Daha 1953 yılında, yani Birleşmiş Milletlerin kuruluşundan ancak sekiz yıl sonra, o zamanın Genel Sekreteri olan Dag Hammarskjöld, bunu şu şekilde kabul etti: “Bizden öncekiler, düşlerinde yeni gökler gördüler, oysa bizim en büyük umudumuz, eski yeryüzünü kurtarabilmektir.” Yirmi altı yıl sonra, Amerika Birleşik Devletlerinin dışişleri bakan yardımcılarından biri olan C. William Maynes, şunu kabul etmeye mecbur oldu: “Güvenlik Konseyinin ve Genel Kurulun başlıca amacı, uluslararası barışın ve güvenliğin korunmasıydı . . . . Teşkilatın, esas amacını beceremediğini görüyorsunuz.”
ÖNEMLİ BİR ROLÜ MÜ VAR?
Son 40 yıl boyunca barış ve güvenlikle ilgili en önemli kararların Birleşmiş Milletlerin dışında verilmiş olduğu bir gerçektir. 1982 yılında Genel Sekreter Javier Perez de Cuellar, mevcut duruma üzülerek şunları söyledi: “Bu yıl boyunca, önemli ve yapıcı bir rol oynamasının mümkün ve gerekli olduğu durumlarda bile çeşitli nedenlerle teşkilatın bir yana itilmiş veya çabasının reddedilmiş olduğunu tekrar tekrar gördük.” Neden?

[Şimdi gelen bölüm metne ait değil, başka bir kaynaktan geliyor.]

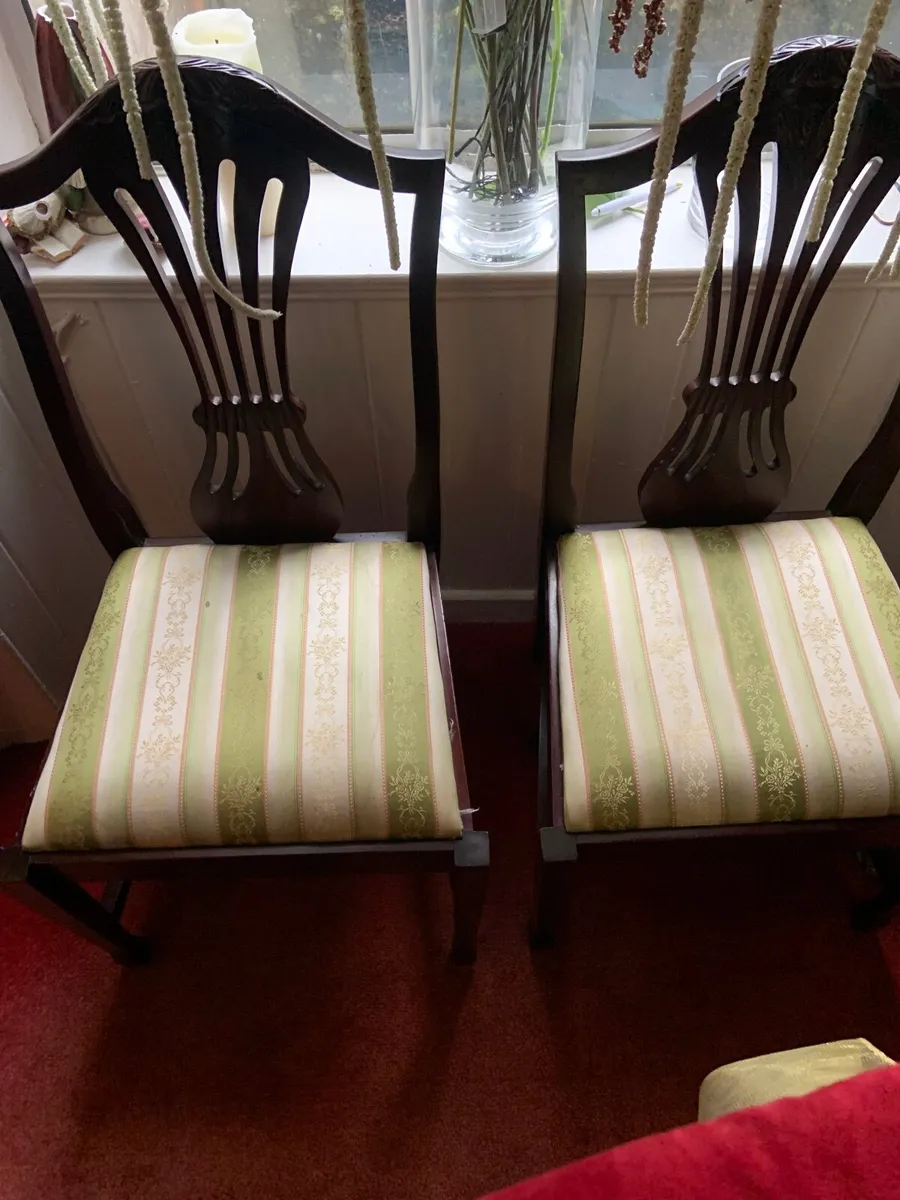 Dining Room Chairs - Image 2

Bazıları, bunun bir nedeni olarak teşkilatın şaşırtıcı oranda üye sayısının artışına işaret etmektedirler. Başlangıçta 51 olan üye sayısı, şimdi 150’yi aşmıştır ve her üye Genel Kurulda eşit oy hakkına sahiptir. Bununla birlikte bu ülkelerin birkaçı çok küçüktür. Teşkilata katılan 158. ulus, nüfusu 50.000 bile olmayan Saint Christopher ve Nevis ada ülkesidir. Buna rağmen bu ülke, nüfusu yaklaşık bir milyar olan Çin ile eşit oy hakkına sahiptir. Bu düzenlemenin küçük ülkelere sesini duyurma fırsatını verdiği gerçi doğrudur, ama bu durum büyük güçleri teşkilatın kararlarını ciddiye almağa pek teşvik etmez.

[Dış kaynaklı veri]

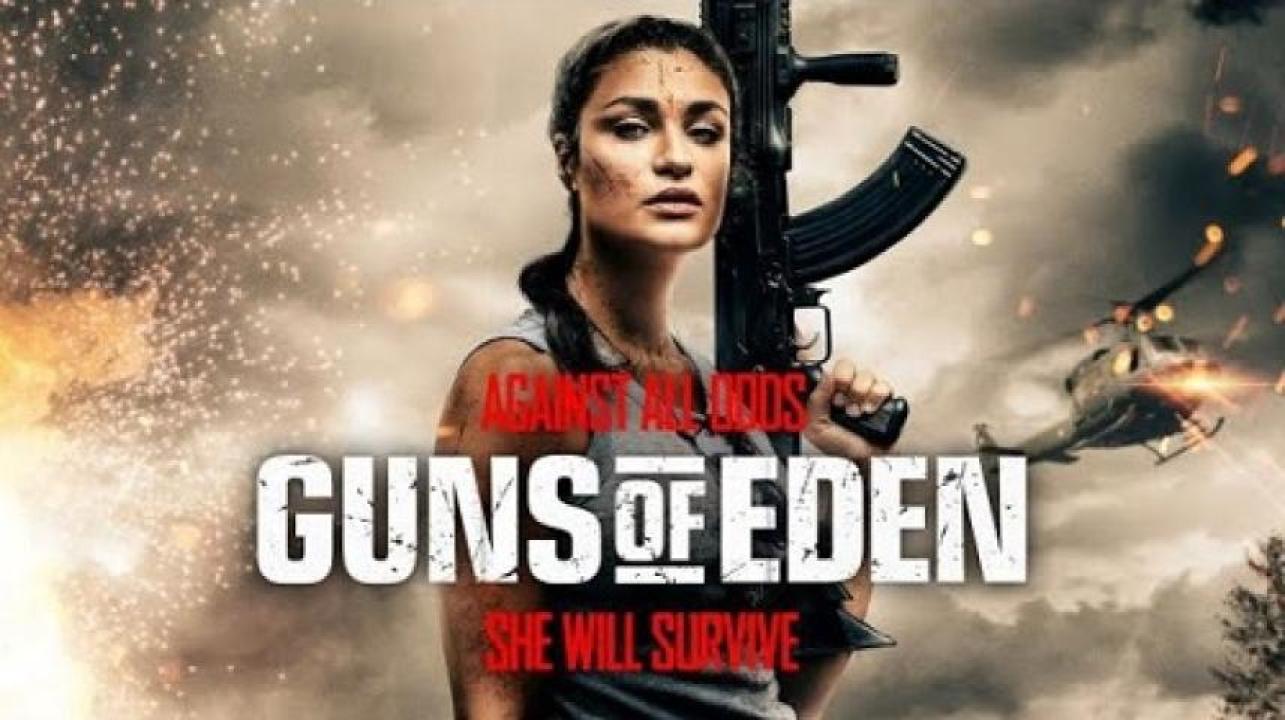 مشاهدة فيلم Guns Of Eden 2022 مترجم لاروزا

Shirley Hazzard, şu ikinci soruna değiniyor: “Birleşmiş Milletler Teşkilatı zorlama güçleriyle donatılmamıştır, ancak en çok zorlamaya muhtaç olan üyeler o güçlere sahip olabilirler.” Başka sözlerle, teşkilat kararlar verebilir, ancak genellikle kararlarını icra edemez. Dünyanın önemli problemleri muntazam olarak uzun uzun müzakere edilmektedir. Karar tasarıları kabul edilmekle beraber unutulmaktadır. 1982 yılında B.M.’in genel sekreteri, “kararlarda kastedilen milletlerin bu kararlara gösterdikleri saygısızlık” nedeniyle üzüntüsünü belirtti.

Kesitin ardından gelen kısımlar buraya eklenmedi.